- Task statement
Write out the whole listing exactly; no images belong in it.

- Material for this task
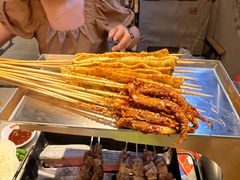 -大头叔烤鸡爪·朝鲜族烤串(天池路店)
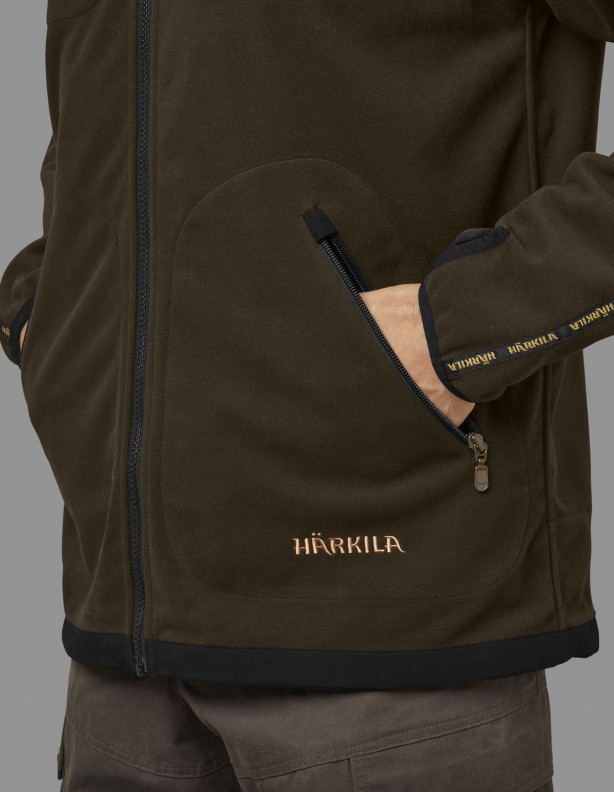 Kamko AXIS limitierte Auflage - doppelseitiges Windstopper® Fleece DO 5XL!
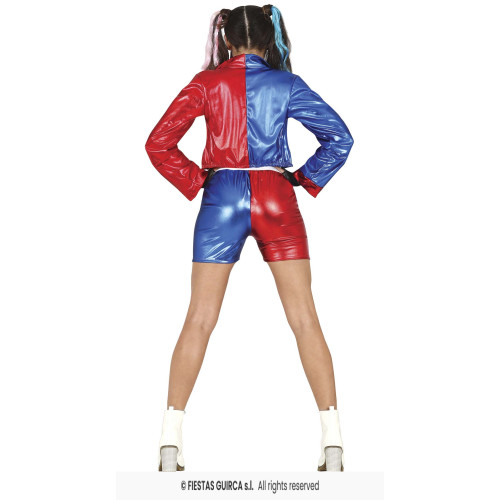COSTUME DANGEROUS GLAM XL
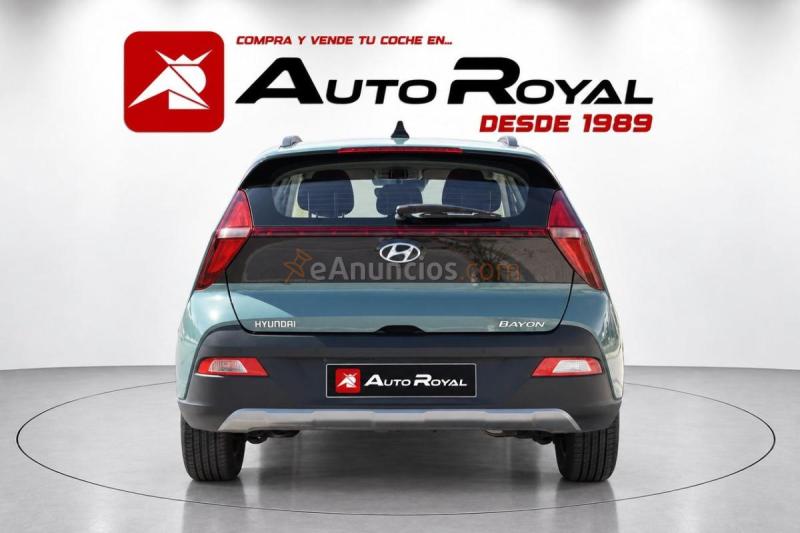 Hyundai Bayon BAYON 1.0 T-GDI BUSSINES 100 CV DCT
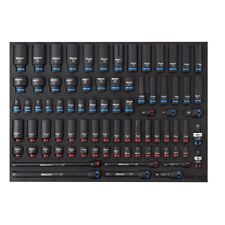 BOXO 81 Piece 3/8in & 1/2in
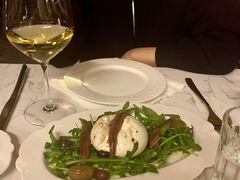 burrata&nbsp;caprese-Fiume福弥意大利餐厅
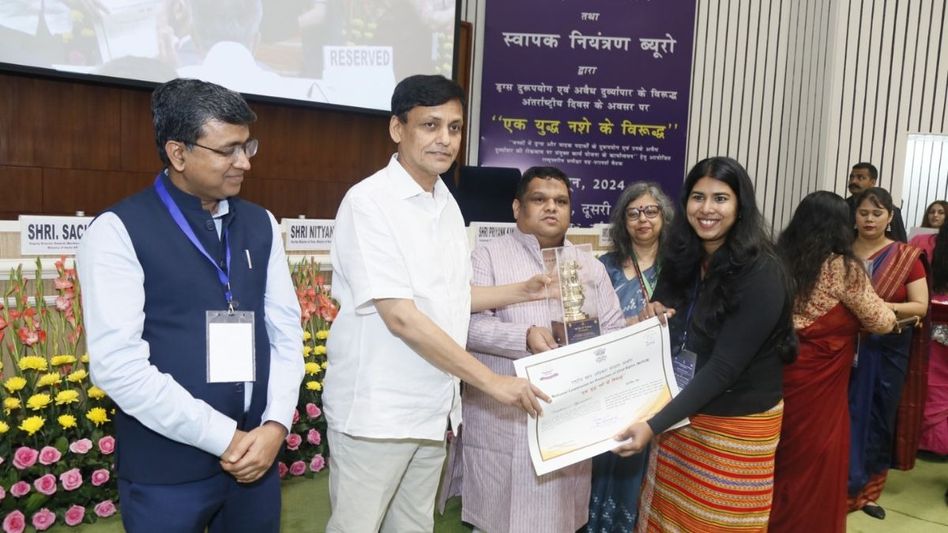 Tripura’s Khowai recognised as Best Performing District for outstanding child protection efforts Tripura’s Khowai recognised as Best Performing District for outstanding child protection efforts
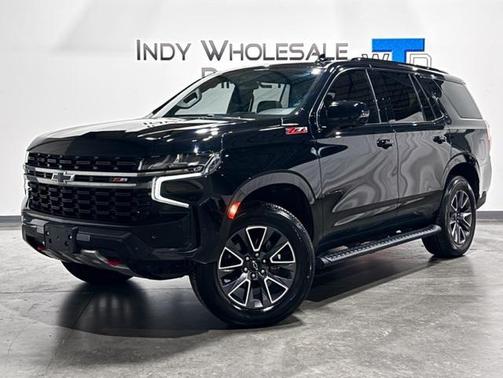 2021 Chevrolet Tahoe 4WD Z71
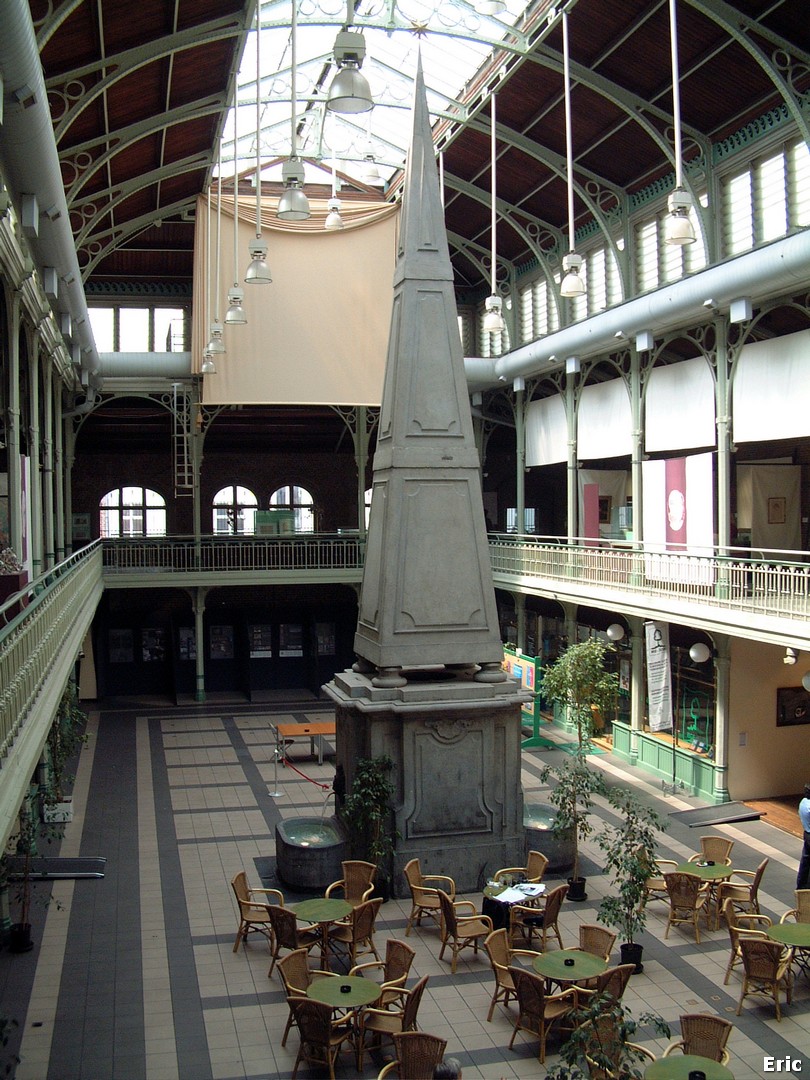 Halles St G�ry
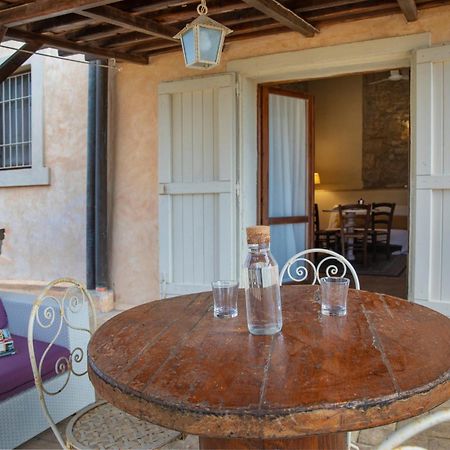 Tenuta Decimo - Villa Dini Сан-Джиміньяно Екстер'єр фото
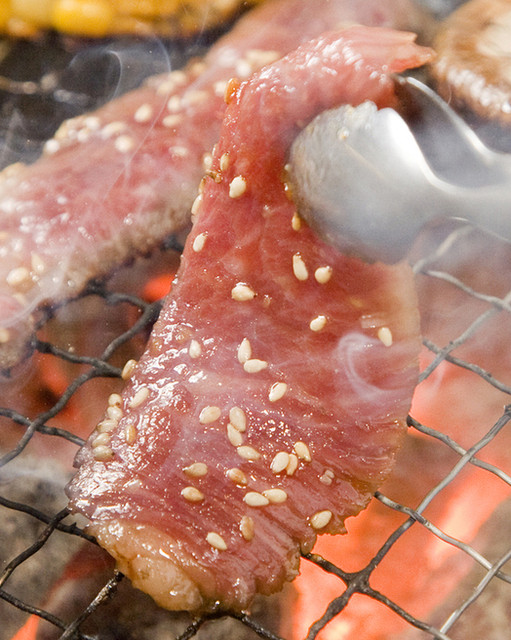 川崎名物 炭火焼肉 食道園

- Response to the exercise
 -大头叔烤鸡爪·朝鲜族烤串(天池路店)
 Kamko AXIS limitierte Auflage - doppelseitiges Windstopper® Fleece DO 5XL!
COSTUME DANGEROUS GLAM XL
 Hyundai Bayon BAYON 1.0 T-GDI BUSSINES 100 CV DCT
 BOXO 81 Piece 3/8in & 1/2in
 burrata&nbsp;caprese-Fiume福弥意大利餐厅
 Tripura’s Khowai recognised as Best Performing District for outstanding child protection efforts Tripura’s Khowai recognised as Best Performing District for outstanding child protection efforts
 2021 Chevrolet Tahoe 4WD Z71
 Halles St G�ry
 Tenuta Decimo - Villa Dini Сан-Джиміньяно Екстер'єр фото
 川崎名物 炭火焼肉 食道園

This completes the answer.